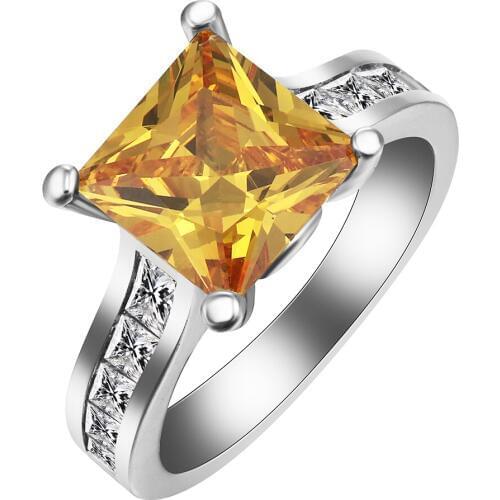 Square created yellow cz finger ring for women bridal fashion jewelry accessory gift CZ Gem silver color wedding engagement ring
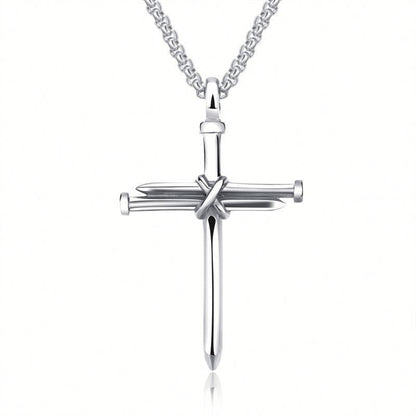 Steel Black & Gold Cross Unisex Necklace – Jewelry Gift
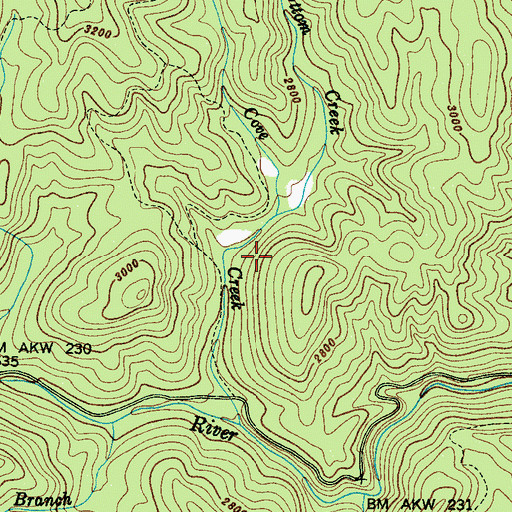Topographic Map of Cove Creek Campground, NC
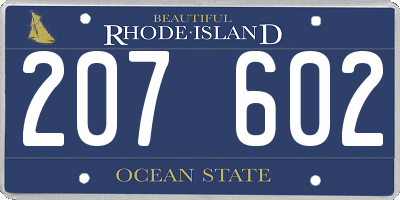 RI license plate 207602
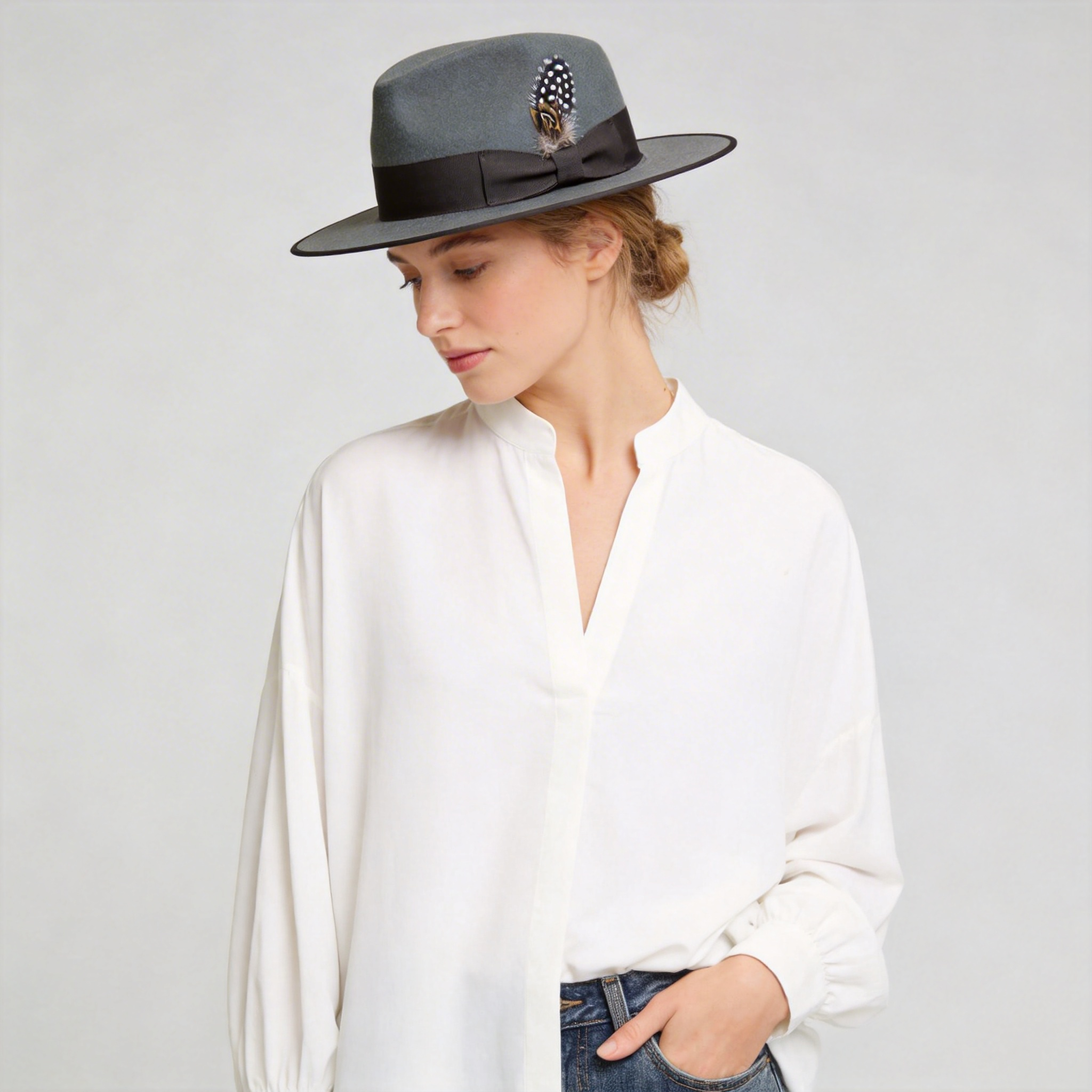 Classic Men's Felt Black Fedora Hat - Gray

# Try it:
Only the lines from the one containing "Steel Black &" through the last line of the entries above, both included, belong in the answer, written out exactly; pictures do not.

# Response to this task:
 Steel Black & Gold Cross Unisex Necklace – Jewelry Gift
Topographic Map of Cove Creek Campground, NC
 RI license plate 207602
 Classic Men's Felt Black Fedora Hat - Gray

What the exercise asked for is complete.